Punkt Mitternacht setzte der Regen ein, Andreas hatte ich noch angerufen und von den Geschehnissen berichtet, sodaß wir beide eine schlaflose Nacht hatten ( …)
Während der Fahrt lagen immer wieder riesige Gesteinsbrocken auf der Fahrbahn, der Sturm und Regen verwandelte die Strasse in reine Schlammbäder- letzten Endes waren wir nach insgesamt 24 Std. endlos dankbar am nächsten Morgen heile in Chengdu angekommen zu sein.

Am 23.8. ging für mich der Flug ab Chengdu nach Lhasa- bewußt habe ich auf die Tibetbahn verzichtet- mein privater, wenn auch nutzloser Protest gegen die chinesische „Siedlungspolitik“. Die Strecke „Kashgar-Chengdu in 3 Wochen“ war somit ein konstantes und anstrengendes Reisen mit nahezu täglichem Rucksack packen und endlos langen Busfahrten und Nachtzügen.
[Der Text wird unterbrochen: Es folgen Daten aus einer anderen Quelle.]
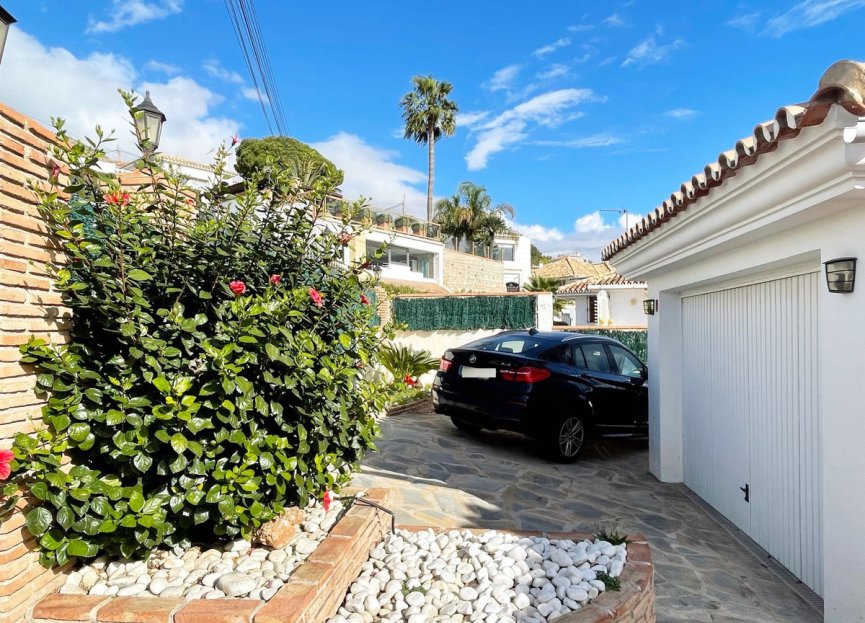 Resale - House - Detached Villa - Benalmádena - La Capellania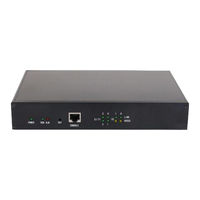 Baudcom BD-E1-SIP User Manual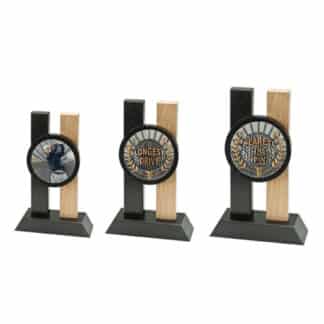 BLH001 Houten Standaard Golf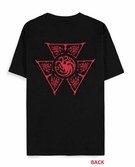 House of the dragon - t-shirt homme (s)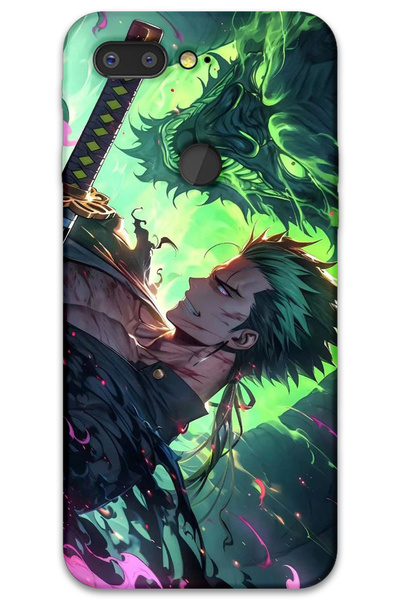 Gramaphone Gm 9 Pro Compatible Anime Patterned Phone Case + Screen Protector ...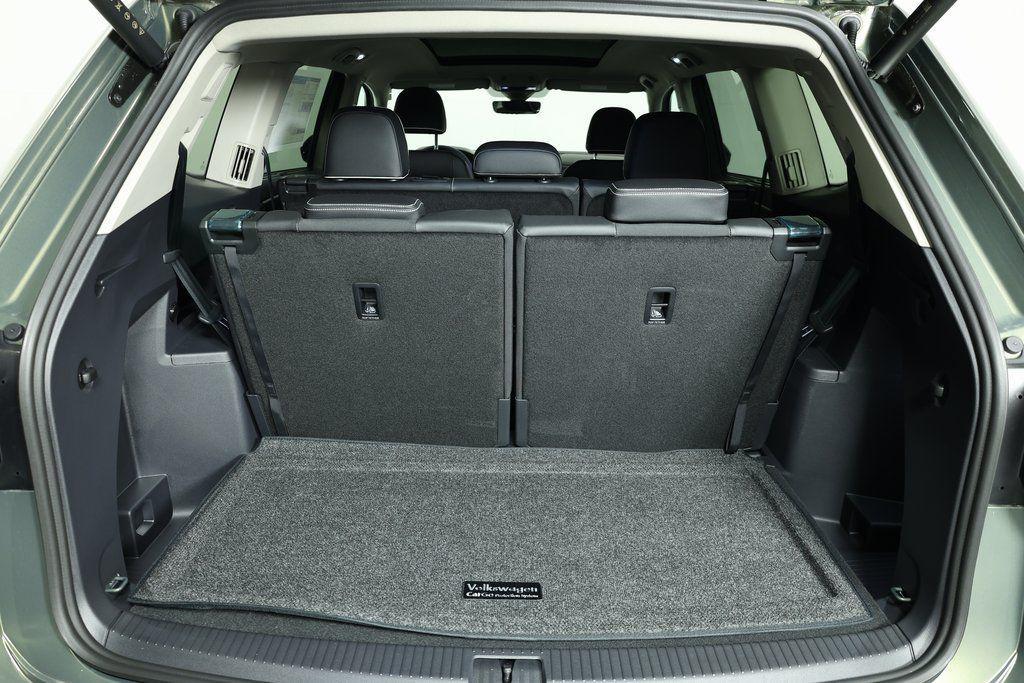 new 2026 Volkswagen Atlas car, priced at $52,935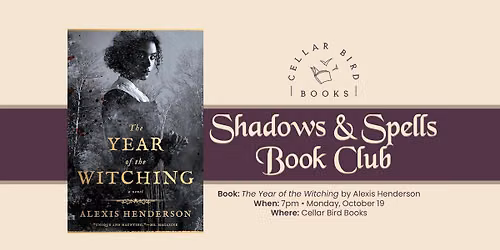 Shadows & Spells Book Club: The Year of the Witching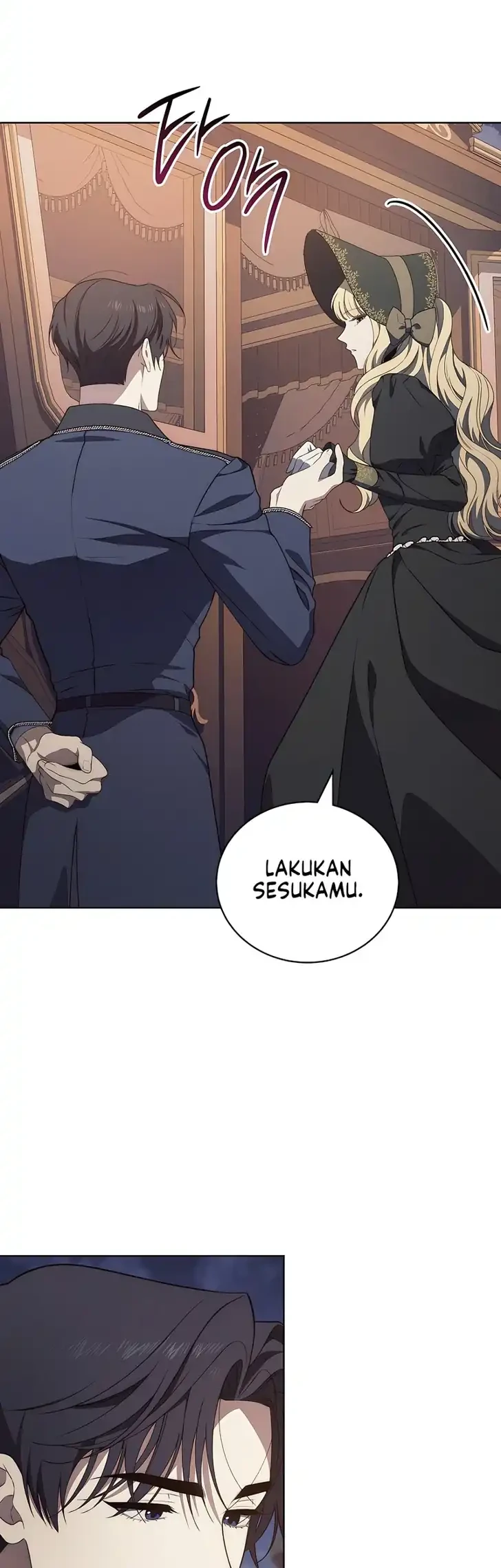 The Mansion Awaits Spring chapter 5 halaman 24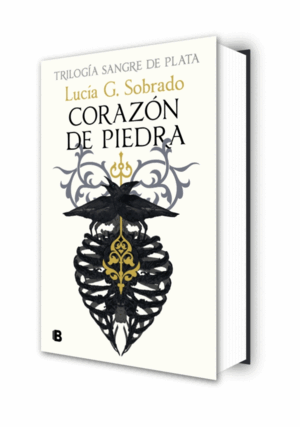 CORAZÓN DE PIEDRA (SANGRE DE PLATA 1)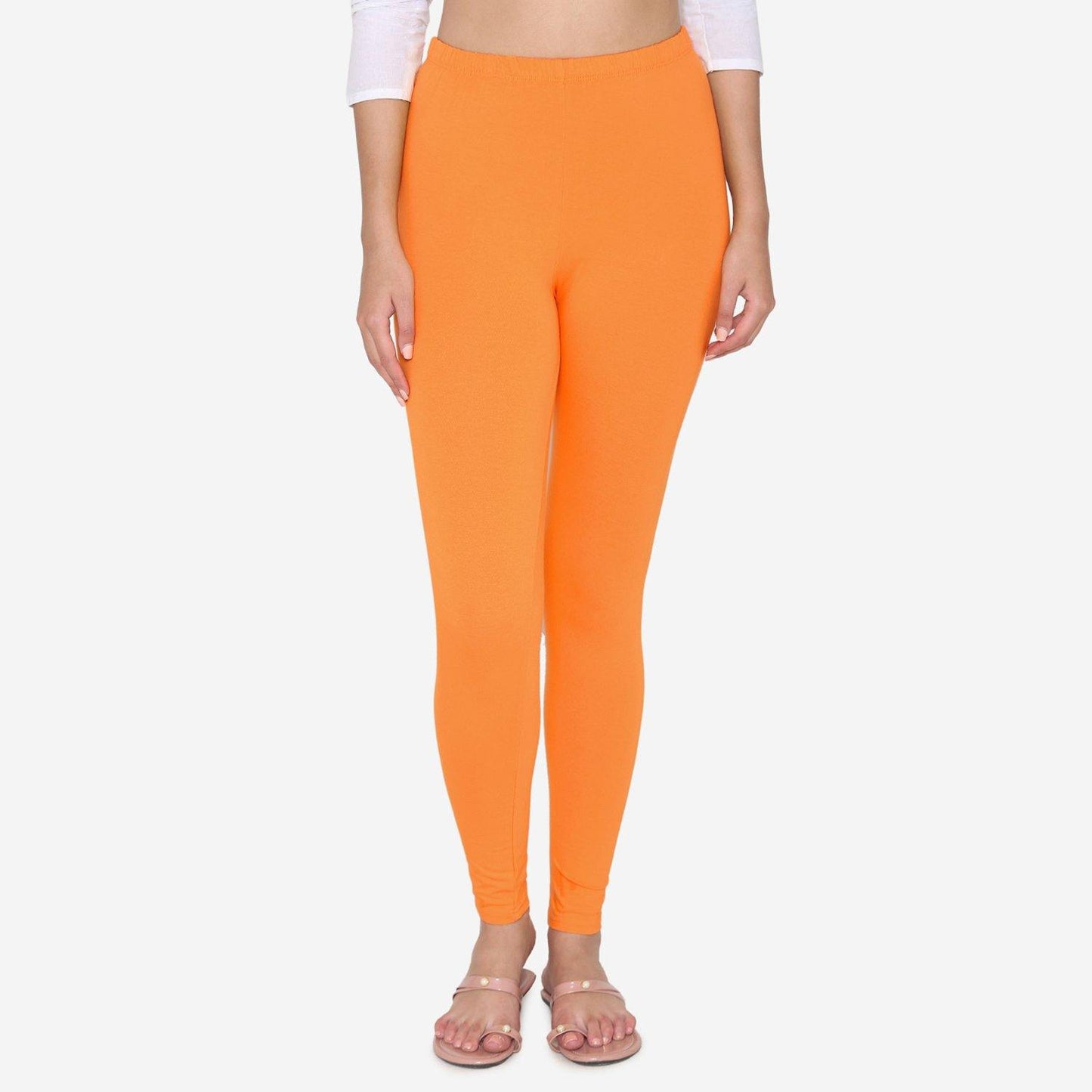 Vami Cotton Ankle Leggings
Nach Tibet kann man mittlerweile nur noch mit vorab fix gebuchter Tour und entsprechenden Permits einreisen. Das Einreisedatum stand somit unabänderlich fest.
Seit Tajikistan waren wir also damit beschäftigt eine verlässliche Agentur in Lhasa zu finden, Route auszuarbeiten, Preisangebote einzuholen, sowie Mitreisende zu finden. Mitreisende deshalb, da der Gesamtpreis sich dadurch pro Person entsprechend verringert. Andreas hatte Glück und konnte sich einem Südafrikaner anschließen, der die gesamte Vorarbeit für den Friendship- Highway bereits geleistet hatte und im Verlauf komplettierten dann noch eine Amerikanerin und ein Holländer den Jeep.
26 Tage waren dagegen etwas aufwendiger zu planen. Glücklicherweise und unerwartet mit von der Party – Marc, unser Australier, mit dem wir schon durch Tajikistan gereist waren. Sein geplanter Trip nach Pakistan via Karakoram Highway zu reisen war Anbetracht der Überflutungen im wahrsten Sinne des Wortes ins Wasser gefallen und die Alternativroute nach Indien führt überLand eben durch Tibet!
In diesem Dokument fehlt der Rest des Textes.